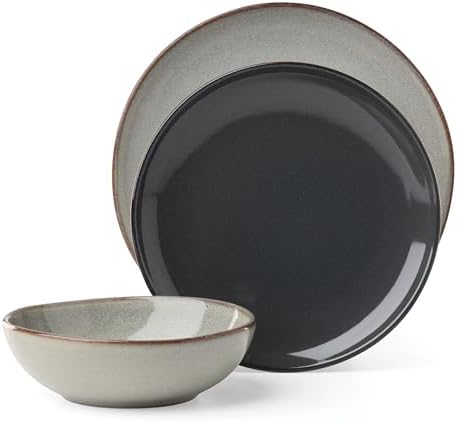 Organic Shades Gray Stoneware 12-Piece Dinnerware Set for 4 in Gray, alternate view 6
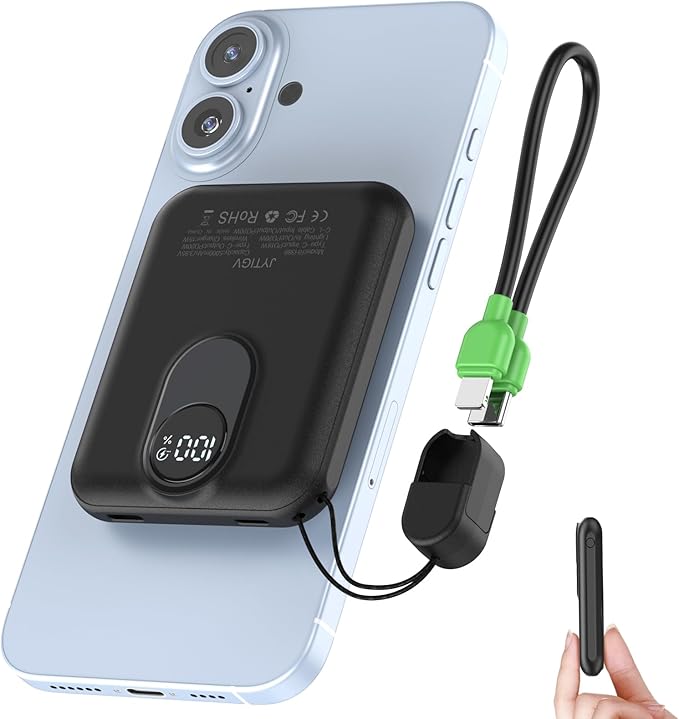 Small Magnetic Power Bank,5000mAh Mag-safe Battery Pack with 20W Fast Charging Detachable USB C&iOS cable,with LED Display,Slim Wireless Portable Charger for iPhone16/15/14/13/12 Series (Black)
==
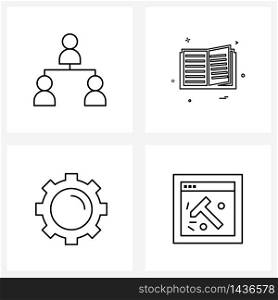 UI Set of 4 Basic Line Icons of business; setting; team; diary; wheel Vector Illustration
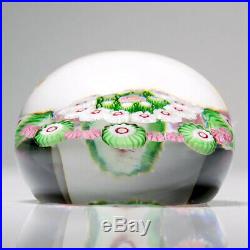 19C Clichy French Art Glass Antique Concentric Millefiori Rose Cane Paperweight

ACTION ITEM> In the listing above, find the line containing "Organic Shades Gray". Output it and every line after it up to and including the line containing "Small Magnetic Power", exactly, but skip the pictures.

REPLY>
 Organic Shades Gray Stoneware 12-Piece Dinnerware Set for 4 in Gray, alternate view 6
 Small Magnetic Power Bank,5000mAh Mag-safe Battery Pack with 20W Fast Charging Detachable USB C&iOS cable,with LED Display,Slim Wireless Portable Charger for iPhone16/15/14/13/12 Series (Black)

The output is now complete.